Streams of Living Water: The Social Justice Stream
Rev. Nancy Gowler Johnson
Puyallup First Christian Church (Disciples of Christ)

 

December 17, 2006
 

We are in the midst of a great time of anticipation

  • For children
    • 8 days until Christmas
    • So much excitement and anticipation… presents
    • Family… food… celebrations galore…
  • For adults
    • Shopping lists
    • Cookies still to bake
    • Wrapping to do
  • Worries for businesses
    • Was Black Friday big enough?
    • Controversies over Blue Laws in South Carolina conflicting with all those last minute Christmas Eve shoppers.

In the midst of all the tinsel and the twinkling lights, and it seems everywhere around us the sounds of “Have a holly, jolly Christmas” are playing… the church comes together and listens to the strange, rough voice of John the Baptist.
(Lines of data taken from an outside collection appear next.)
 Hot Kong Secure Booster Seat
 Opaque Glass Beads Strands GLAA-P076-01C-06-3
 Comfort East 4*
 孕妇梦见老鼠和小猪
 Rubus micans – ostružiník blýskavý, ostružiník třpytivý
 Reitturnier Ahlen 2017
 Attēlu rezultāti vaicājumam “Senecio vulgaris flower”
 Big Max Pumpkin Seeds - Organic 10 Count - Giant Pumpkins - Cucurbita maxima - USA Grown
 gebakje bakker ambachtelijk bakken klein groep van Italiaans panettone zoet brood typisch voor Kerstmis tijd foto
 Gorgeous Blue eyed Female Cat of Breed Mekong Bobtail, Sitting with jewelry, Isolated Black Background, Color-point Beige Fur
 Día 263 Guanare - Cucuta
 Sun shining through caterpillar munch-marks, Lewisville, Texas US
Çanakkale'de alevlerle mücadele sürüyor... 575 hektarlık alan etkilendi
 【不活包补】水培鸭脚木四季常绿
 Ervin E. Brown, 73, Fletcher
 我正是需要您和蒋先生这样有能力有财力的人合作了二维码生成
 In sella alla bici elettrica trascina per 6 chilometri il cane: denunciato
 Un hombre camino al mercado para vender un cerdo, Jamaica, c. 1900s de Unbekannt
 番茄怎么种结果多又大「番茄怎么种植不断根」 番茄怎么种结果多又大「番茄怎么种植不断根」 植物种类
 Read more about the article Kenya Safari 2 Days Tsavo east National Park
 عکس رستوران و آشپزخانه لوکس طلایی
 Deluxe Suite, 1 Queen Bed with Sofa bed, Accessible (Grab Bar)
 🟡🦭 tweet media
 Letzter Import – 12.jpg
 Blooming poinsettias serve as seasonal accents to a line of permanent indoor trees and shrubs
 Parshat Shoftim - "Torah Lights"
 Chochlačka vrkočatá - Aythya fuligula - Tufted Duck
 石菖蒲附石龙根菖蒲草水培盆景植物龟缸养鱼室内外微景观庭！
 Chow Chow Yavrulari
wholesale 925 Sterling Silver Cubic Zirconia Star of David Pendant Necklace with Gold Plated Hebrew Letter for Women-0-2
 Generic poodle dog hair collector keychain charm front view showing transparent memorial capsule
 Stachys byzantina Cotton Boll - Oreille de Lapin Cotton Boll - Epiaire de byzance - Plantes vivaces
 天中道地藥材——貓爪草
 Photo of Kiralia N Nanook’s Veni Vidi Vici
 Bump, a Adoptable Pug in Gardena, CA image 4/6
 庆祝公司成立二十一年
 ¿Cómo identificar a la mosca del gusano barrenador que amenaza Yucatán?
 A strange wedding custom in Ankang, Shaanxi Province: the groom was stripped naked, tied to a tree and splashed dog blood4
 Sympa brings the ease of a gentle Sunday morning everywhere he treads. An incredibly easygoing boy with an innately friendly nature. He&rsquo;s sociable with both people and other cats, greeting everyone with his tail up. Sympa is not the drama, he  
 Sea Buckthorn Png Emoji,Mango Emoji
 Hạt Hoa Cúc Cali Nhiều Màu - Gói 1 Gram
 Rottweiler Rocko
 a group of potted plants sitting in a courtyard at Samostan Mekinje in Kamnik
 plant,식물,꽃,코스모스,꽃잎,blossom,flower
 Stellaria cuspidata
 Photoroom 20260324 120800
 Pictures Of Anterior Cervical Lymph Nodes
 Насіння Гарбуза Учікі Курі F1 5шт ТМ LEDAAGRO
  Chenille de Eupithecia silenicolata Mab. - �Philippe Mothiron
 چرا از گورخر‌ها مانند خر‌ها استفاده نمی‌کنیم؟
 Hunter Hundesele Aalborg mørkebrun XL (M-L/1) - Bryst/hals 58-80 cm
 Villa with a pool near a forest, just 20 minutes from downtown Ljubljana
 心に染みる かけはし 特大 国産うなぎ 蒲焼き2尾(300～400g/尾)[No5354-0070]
He appears out in the wilderness… dressed in a cloak of camel hair… fasting in the desert… eating locusts and honey.  A strange sight to behold.  “Jesus is for Christmas," a preacher once said, "but Advent belongs to John the Baptist."[i] And you can't serve locust and wild honey at a Christmas party.

It seems a bunch of religious folk had followed this wild man, John out into the wilderness, to the river Jordan, to watch the show - to hear him preach and to see the people dunked under the mighty river.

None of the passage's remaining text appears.